Thank you for this reply. It was certainly an eye opener.Nostalgia time. I’m of a certain age so will go back even farther into the ‘60’s and 70’s and my ‘full service gas station’ (remember those?) work days. It’s necessary to have a frame of reference to fully appreciate how good we have it regards changes that have occurred, improvements made over the years.
Didn’t used to have a stigma attached to needing to add a quart of oil every so often between oil changes (20w or 30w conventional usually – multigrades available but not in widespread use like today). Plenty of ‘50s cars still on the road in the 60’s (many that had received engine rebuilds by the ‘60s, no real stigma attached to that either) with down-draft tube crankcase ventilation systems. Worked on a number of them.
Typical OM recommended maintenance for 50’s vintage cars (still have my family’s 1955 Chevy Bel-air OM) – clean and repack wheel bearings every ~10k miles, OCI every ~2-3k miles (change the oil filer IF it had one), A/T fluid change/refill every ~25k miles, check rear axle lub every ~1k miles, disassemble propeller shaft u-joints every ~25k miles and clean/repack with wheel bearing lub, refill fill generator (not alternator) oiler every 1k miles, service oil bath (not paper element) air cleaner every ~2k miles, remove/inspect/re-gap or replace spark plugs every ~5k miles, suspension/chassis lub (remember zerk fittings?) every ~1k miles, drain and flush radiator twice a year, tune-ups (remember those?) every ~10k miles – you get the idea.
Warranty from GM for that ’55 Bel-air? 90 days or 4000 miles, whichever came first.

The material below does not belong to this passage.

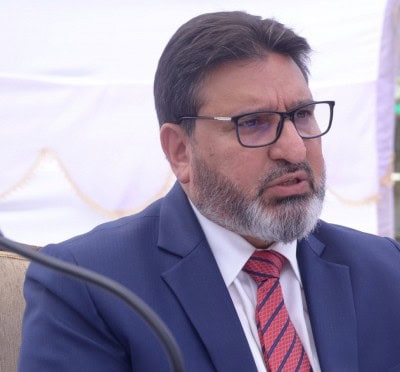 Kashmiri leader raises 'outsider' issue, threatens stir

Our ’65 Malibu was way ‘better’ – I think 24 months or 24k miles warranty. Longer OM recommended service intervals. Drain and flush cooling system every 2 years. OCI – every 60 days or 6k miles (more frequent under ‘dusty’ conditions). Engine tune-up every 12k miles. A/T fluid change every 12k miles (went backwards on this one – industry got smarter on A/T fluid). Lub suspension/steering zerk fittings every 6k miles.
A/C not that common, was an option, as was an am/fm radio. Most cars used ‘460 Air’ (4 windows down, 60 mph).

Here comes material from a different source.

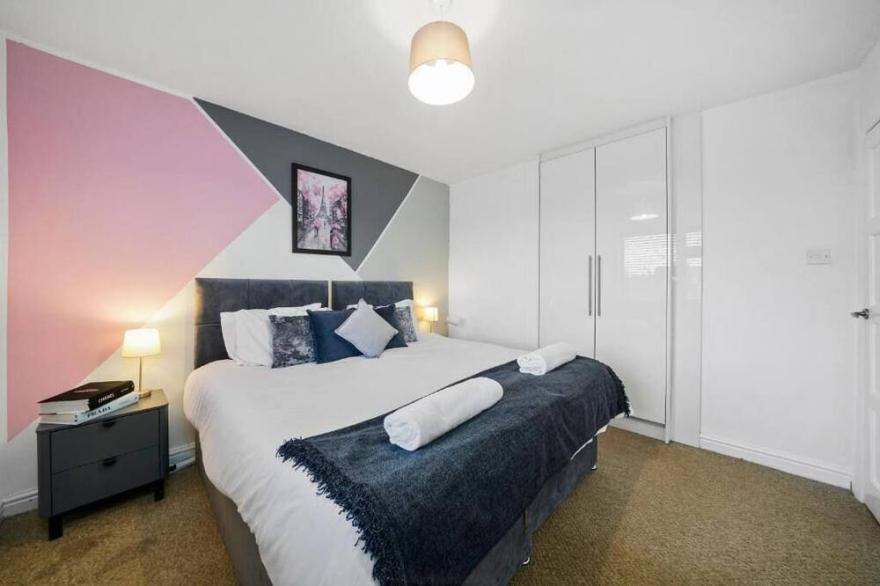 - Large Royal Leamington House Garden - Sleeps 10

Recalls? In late 1960’s, NHTSA (or whatever it was called then) established. Oldest recorded recall in the US for 1959-60 Cadillacs (steering linkage failed on many cars while making a 90 degree turn at 10/15 mph, yikes). TSB database? Ha ha, good luck with that in the 60’s/70’s.
Before the 1973 oil crisis, gas prices below $0.40/gal, in 1976 had ‘skyrocketed’ to around $0.60/gal. My first brand new vehicle purchase – a ‘loaded’ (AC! Radio! Cruise! HD springs!) 1976 GMC ½ ton PU truck for ~$6500. On a good day got 12 mpg.
So it’s all relative. We’ve got it good.